• Task directions: Look through the data below for the line with "Inflable Deslizador Sencillo Grande 2" and the line with "狗狗一觉醒来发现晒不到太阳了，不仅主动挪窝还给猫猫留了位置", then output those two and all lines in between, exactly as written.

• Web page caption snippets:
◆ ◆ ◆ ◆ ◆
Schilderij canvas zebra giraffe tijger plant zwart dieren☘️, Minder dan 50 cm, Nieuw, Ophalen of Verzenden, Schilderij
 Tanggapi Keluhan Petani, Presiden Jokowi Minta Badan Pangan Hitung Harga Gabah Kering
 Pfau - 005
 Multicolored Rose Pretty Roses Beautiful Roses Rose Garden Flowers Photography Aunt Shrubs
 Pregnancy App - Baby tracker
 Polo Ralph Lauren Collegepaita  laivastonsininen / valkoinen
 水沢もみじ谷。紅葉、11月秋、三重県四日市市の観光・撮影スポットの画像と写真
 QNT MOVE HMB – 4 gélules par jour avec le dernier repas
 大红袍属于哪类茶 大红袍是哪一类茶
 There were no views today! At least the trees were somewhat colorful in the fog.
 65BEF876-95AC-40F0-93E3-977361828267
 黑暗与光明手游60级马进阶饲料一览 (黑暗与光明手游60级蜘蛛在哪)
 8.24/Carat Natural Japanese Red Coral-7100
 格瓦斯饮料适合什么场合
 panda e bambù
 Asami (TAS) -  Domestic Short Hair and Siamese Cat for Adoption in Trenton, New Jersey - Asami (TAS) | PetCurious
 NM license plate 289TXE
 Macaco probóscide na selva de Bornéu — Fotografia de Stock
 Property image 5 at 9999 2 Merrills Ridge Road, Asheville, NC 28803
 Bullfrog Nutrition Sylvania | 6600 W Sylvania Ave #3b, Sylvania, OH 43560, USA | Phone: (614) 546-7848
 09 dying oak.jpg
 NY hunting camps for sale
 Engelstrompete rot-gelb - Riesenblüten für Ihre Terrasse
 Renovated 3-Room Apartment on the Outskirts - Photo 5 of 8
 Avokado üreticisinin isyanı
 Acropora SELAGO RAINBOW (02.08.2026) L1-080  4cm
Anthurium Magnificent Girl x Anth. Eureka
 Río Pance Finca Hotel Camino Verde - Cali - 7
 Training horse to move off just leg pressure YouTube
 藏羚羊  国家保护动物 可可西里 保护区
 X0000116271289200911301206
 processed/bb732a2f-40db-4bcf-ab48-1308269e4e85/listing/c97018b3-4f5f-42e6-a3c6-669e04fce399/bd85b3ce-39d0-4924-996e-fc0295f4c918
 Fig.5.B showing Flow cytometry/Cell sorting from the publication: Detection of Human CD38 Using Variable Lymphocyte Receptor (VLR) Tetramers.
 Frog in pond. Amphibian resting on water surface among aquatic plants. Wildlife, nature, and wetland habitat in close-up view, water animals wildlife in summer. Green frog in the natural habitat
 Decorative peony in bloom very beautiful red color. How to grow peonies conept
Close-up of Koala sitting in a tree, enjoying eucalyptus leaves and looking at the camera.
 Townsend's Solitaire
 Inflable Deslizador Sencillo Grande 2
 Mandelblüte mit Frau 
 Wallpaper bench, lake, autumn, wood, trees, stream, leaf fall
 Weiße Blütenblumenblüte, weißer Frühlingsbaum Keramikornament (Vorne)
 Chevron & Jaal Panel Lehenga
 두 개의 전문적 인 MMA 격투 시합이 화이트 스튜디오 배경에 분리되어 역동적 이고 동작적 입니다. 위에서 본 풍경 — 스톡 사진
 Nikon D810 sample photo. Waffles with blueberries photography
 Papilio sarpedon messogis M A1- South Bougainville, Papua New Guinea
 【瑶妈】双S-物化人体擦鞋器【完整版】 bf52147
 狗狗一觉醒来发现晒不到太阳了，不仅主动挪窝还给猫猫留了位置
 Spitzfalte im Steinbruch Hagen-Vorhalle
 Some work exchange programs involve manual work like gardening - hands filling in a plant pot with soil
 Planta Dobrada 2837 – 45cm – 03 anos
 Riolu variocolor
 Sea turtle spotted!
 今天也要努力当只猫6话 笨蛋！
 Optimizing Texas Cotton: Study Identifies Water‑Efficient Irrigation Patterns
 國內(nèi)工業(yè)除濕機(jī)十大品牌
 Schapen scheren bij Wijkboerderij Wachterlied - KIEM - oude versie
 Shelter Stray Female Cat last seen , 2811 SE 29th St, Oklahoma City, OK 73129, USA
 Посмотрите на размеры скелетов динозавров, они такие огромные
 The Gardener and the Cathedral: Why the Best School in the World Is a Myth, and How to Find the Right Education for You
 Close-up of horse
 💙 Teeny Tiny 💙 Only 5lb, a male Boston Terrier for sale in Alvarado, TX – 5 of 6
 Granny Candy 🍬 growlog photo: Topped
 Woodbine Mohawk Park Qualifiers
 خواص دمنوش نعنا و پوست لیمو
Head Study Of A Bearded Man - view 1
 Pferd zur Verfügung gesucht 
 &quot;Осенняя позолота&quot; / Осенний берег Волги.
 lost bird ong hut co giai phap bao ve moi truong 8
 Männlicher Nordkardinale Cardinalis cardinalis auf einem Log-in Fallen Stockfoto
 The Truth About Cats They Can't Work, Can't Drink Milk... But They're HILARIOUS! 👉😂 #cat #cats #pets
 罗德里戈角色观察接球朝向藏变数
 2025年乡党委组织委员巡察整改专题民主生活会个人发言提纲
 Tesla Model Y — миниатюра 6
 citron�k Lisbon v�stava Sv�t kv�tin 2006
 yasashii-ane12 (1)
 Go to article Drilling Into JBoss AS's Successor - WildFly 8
◆ ◆ ◆ ◆ ◆
• Answer space:
 Inflable Deslizador Sencillo Grande 2
 Mandelblüte mit Frau 
 Wallpaper bench, lake, autumn, wood, trees, stream, leaf fall
 Weiße Blütenblumenblüte, weißer Frühlingsbaum Keramikornament (Vorne)
 Chevron & Jaal Panel Lehenga
 두 개의 전문적 인 MMA 격투 시합이 화이트 스튜디오 배경에 분리되어 역동적 이고 동작적 입니다. 위에서 본 풍경 — 스톡 사진
 Nikon D810 sample photo. Waffles with blueberries photography
 Papilio sarpedon messogis M A1- South Bougainville, Papua New Guinea
 【瑶妈】双S-物化人体擦鞋器【完整版】 bf52147
 狗狗一觉醒来发现晒不到太阳了，不仅主动挪窝还给猫猫留了位置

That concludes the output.